> [EXERCISE DESCRIPTION] If a picture appears, leave it out, and reproduce exactly the lines from the start of the listing below through the one bearing "Finally, we're going".

________________________________________

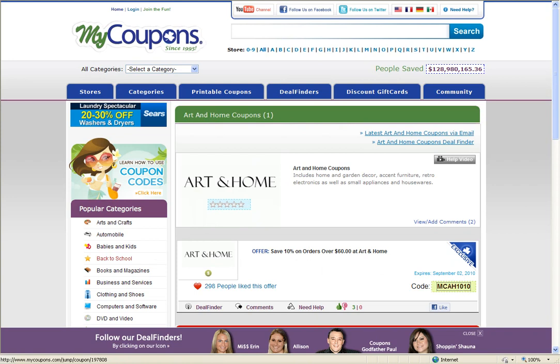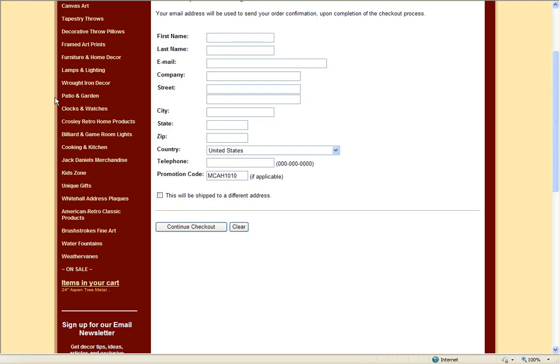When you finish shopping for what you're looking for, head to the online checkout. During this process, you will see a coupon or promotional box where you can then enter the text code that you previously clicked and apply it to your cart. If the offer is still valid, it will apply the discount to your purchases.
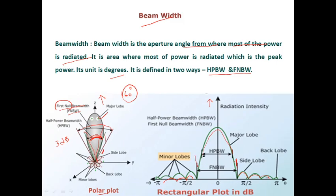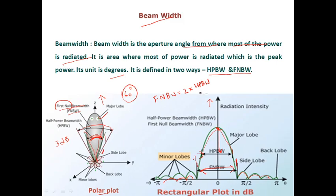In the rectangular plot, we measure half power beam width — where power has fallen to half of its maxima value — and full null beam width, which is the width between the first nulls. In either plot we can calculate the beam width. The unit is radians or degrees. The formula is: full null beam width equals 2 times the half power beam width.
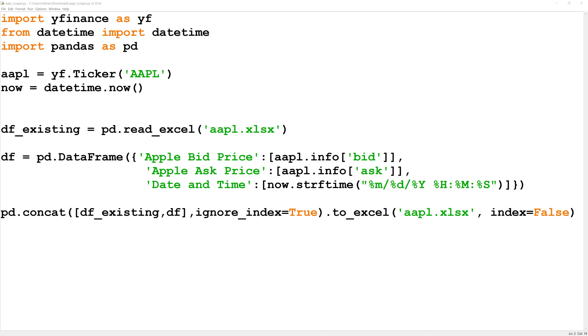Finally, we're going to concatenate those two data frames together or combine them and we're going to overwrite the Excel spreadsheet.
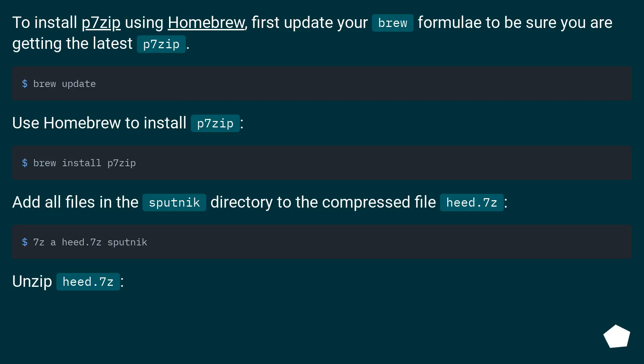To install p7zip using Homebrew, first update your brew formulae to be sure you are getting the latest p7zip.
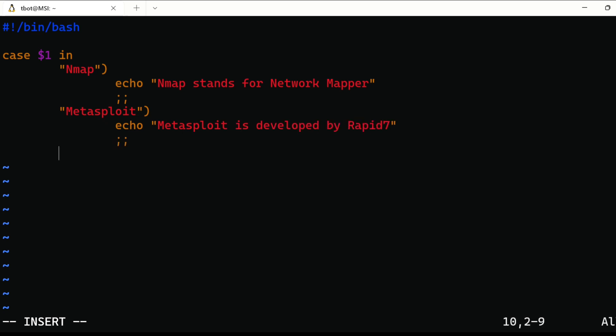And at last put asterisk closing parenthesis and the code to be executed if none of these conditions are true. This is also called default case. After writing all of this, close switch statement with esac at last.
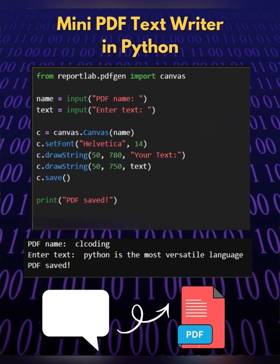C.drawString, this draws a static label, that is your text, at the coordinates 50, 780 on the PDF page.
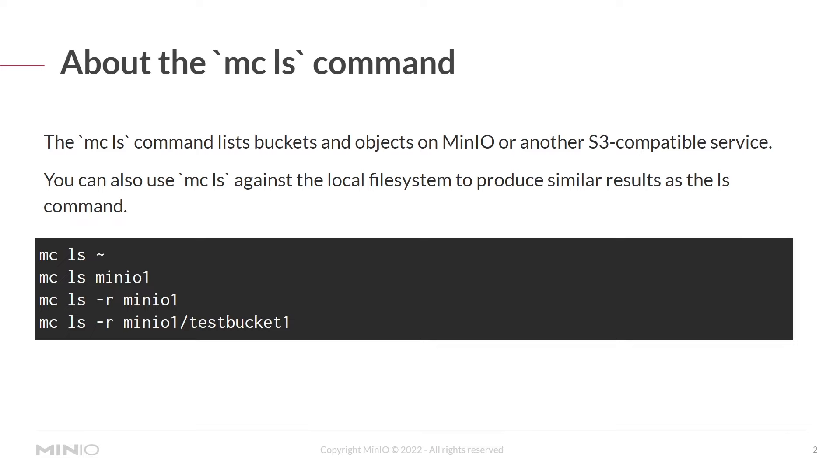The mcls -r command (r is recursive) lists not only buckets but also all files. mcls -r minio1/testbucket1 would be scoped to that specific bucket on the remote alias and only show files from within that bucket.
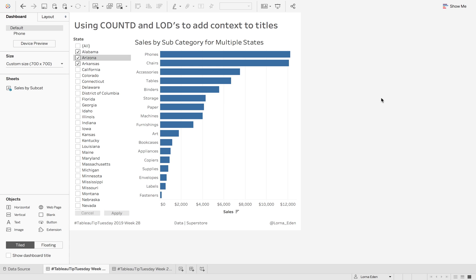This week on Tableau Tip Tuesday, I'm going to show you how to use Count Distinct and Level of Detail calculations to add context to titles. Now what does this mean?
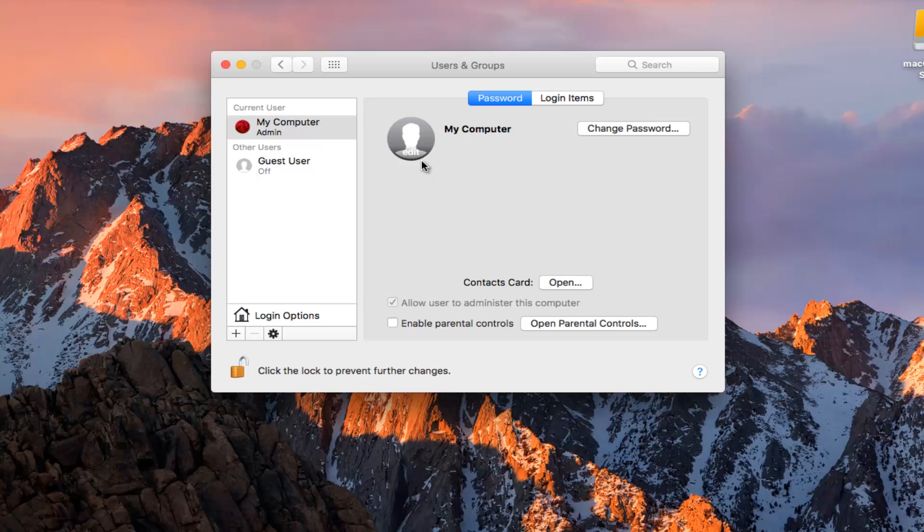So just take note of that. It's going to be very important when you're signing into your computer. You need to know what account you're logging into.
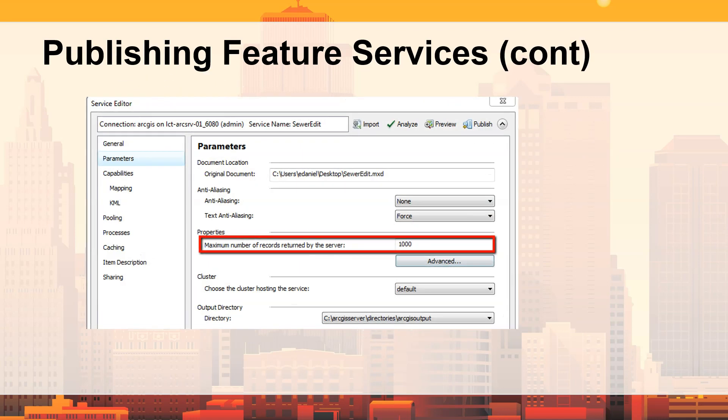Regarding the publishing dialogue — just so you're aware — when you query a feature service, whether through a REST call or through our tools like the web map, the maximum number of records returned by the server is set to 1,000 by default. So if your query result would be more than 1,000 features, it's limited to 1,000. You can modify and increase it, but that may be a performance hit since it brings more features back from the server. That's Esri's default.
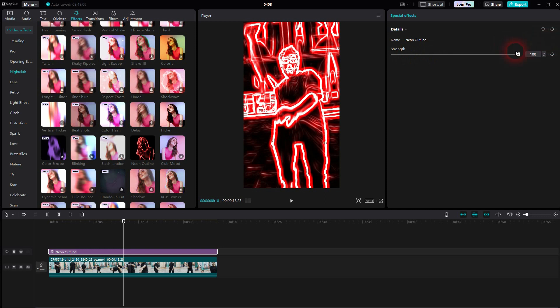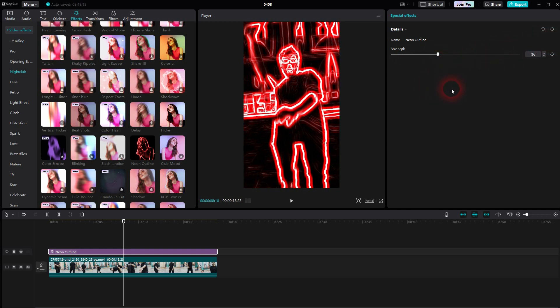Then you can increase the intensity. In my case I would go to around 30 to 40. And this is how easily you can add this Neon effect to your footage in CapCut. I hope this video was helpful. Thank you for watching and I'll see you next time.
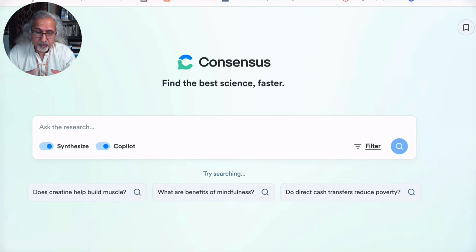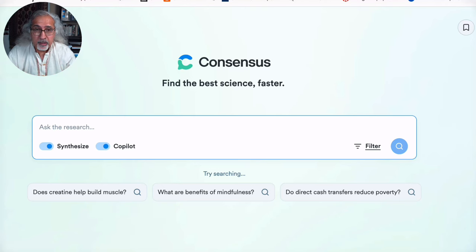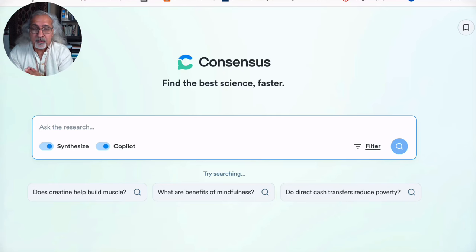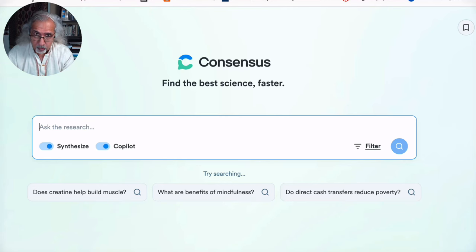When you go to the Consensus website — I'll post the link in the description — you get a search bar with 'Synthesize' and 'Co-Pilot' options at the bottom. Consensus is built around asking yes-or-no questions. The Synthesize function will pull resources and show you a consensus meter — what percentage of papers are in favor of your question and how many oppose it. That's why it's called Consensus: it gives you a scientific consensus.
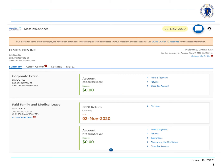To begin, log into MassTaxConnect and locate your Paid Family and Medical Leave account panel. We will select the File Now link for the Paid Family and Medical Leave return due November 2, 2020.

________________________________________

> [TASK RESPONSE]
When you finish shopping for what you're looking for, head to the online checkout. During this process, you will see a coupon or promotional box where you can then enter the text code that you previously clicked and apply it to your cart. If the offer is still valid, it will apply the discount to your purchases.
In the rectangular plot, we measure half power beam width — where power has fallen to half of its maxima value — and full null beam width, which is the width between the first nulls. In either plot we can calculate the beam width. The unit is radians or degrees. The formula is: full null beam width equals 2 times the half power beam width.
Finally, we're going to concatenate those two data frames together or combine them and we're going to overwrite the Excel spreadsheet.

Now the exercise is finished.